Bibelessay zu 1. Korintherbrief 1, 4 – 9

Die Stadt Korinth war etwa 100 Jahre alt, als Paulus dort im Jahr 50 und 51 lebte und missionierte. Seit Paulus die Gemeinde in Korinth verlassen hatte waren viele Missstände eingerissen, die ihm nicht gefielen.

Die Brüder und Schwestern dort verhielten sich in vielen Punkten keineswegs nach seinen Vorstellungen von gelungenem Christsein. Streitereien und überhebliches Verhalten führten zu Rücksichtslosigkeit und Lieblosigkeit. Die wohlhabende Minderheit in der Gemeinde achtete nicht auf die Bedürfnisse der Ärmeren.

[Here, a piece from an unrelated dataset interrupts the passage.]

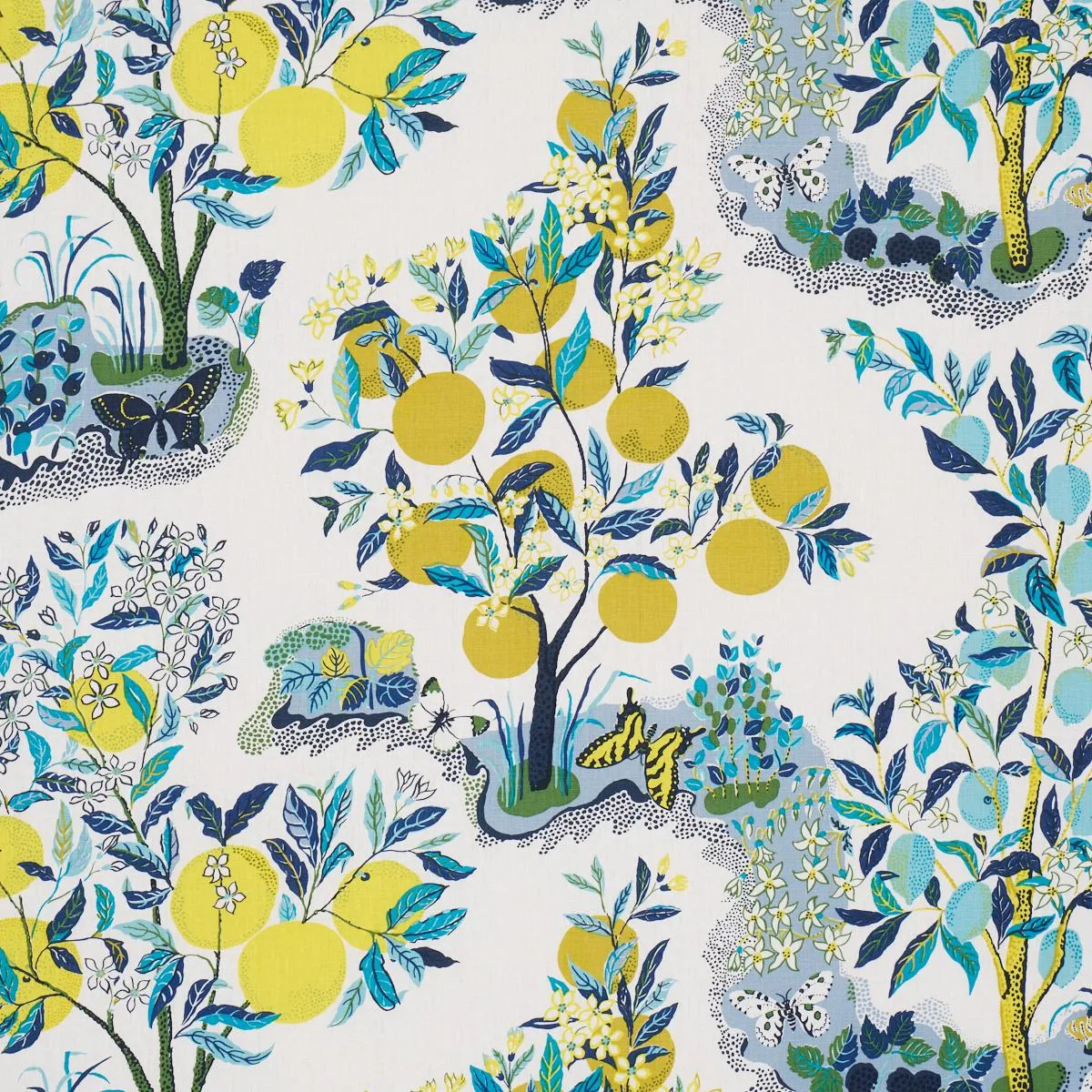 Schumacher 175761 Citrus Garden Pool fabric swatch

Soziale Gegensätze waren besonders in der Gemeindeversammlung und bei der Feier des Abendmahls zu spüren.

Ingrid Bachler
ist Oberkirchenrätin der evangelisch-lutherischen Kirche in Österreich

Paulus sieht das Positive

Was schreibt Paulus der Gemeinde in Korinth? Wie spricht er die Konflikte an? Er beginnt seinen Brief mit einem überschwänglichen Dank und Lob für die Gemeinde. Wenige Sätze später kommt er zum Eigentlichen. Verschiedene Gruppen haben sich gegründet und streiten, wer das Christsein besser verstanden hat. Paulus will ihnen Orientierung geben mit einem klaren Blick auf die wesentlichen Punkte des Glaubens. Und, wie meist in seinen Briefen, schließt er am Ende sehr versöhnlich: „Alles, was ihr tut, geschehe in der Liebe“, lässt er sie wissen.

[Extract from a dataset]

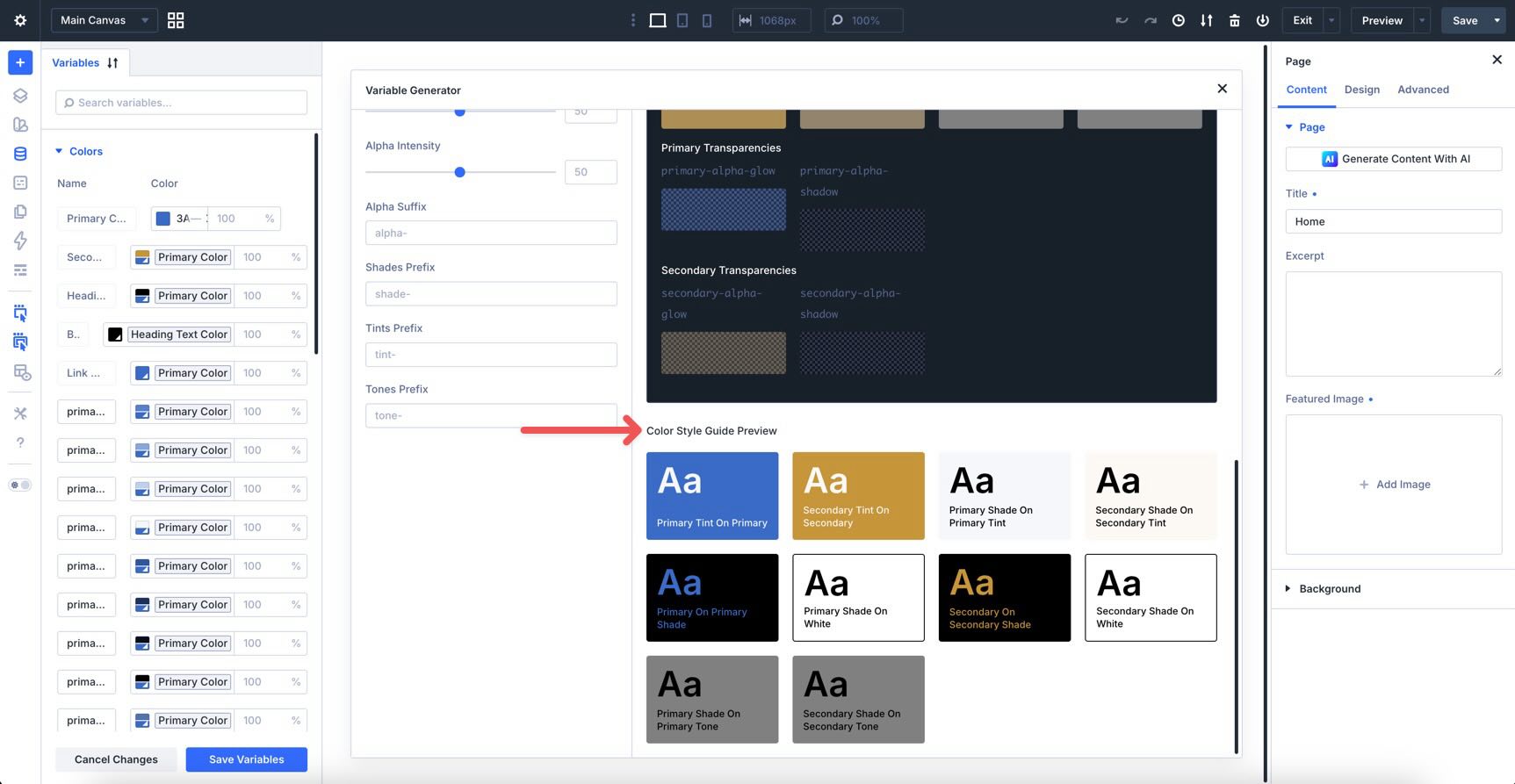 color style guide preview in divi 5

Auffällig ist, dass sich der Dank in der Brieferöffnung nicht an die Korintherinnen und Korinther richtet, sondern an Gott. Paulus dankt Gott für die vielen guten Seiten, die er bei den Menschen in der Gemeinde vorgefunden hat. Er sieht das Positive, die Möglichkeiten und Chancen, ohne die klärenden Worte anschließend vermissen zu lassen.

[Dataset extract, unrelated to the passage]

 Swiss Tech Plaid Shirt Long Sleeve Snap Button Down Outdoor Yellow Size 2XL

Kann man das Danken verlernen?

Gemeinsam mit dem Korinth von damals ist uns, dass wir heute, weltweit gesehen, in einer unruhigen Zeit leben. Es gibt soziale und politische Spannungen, aber auch sehr viel Schönes und Wertvolles. Wo bleibt unser Dank?

Lebenskunst
Sonntag, 3.2.2019, 7.05 Uhr, Ö1

Das heutige Bibel-Wort noch am Anfang des Jahres - erinnert mich an die Gelegenheit, Gott zu danken. Wer nicht mehr „Danke“ sagen kann, hat etwas Wesentliches verloren. Kann man das Danken verlernen? Manchmal scheint mir das so. Dann kommt es mir vor, als ob uns vieles selbstverständlich geworden wäre.

Nachdenken über die Welt

Demokratische Strukturen, ein gemütliches Heim, genug zu Essen, sauberes Wasser, Kleidung und Gesundheit sind für viele normal. In kritischen Situationen, wie etwa dem starken Schneefall in den vergangenen Wochen, im heurigen Winter, habe ich viel gegenseitige Hilfsbereitschaft gesehen. Wir sind beschenkt und viele haben mehr als sie brauchen. Das ist nicht selbstverständlich.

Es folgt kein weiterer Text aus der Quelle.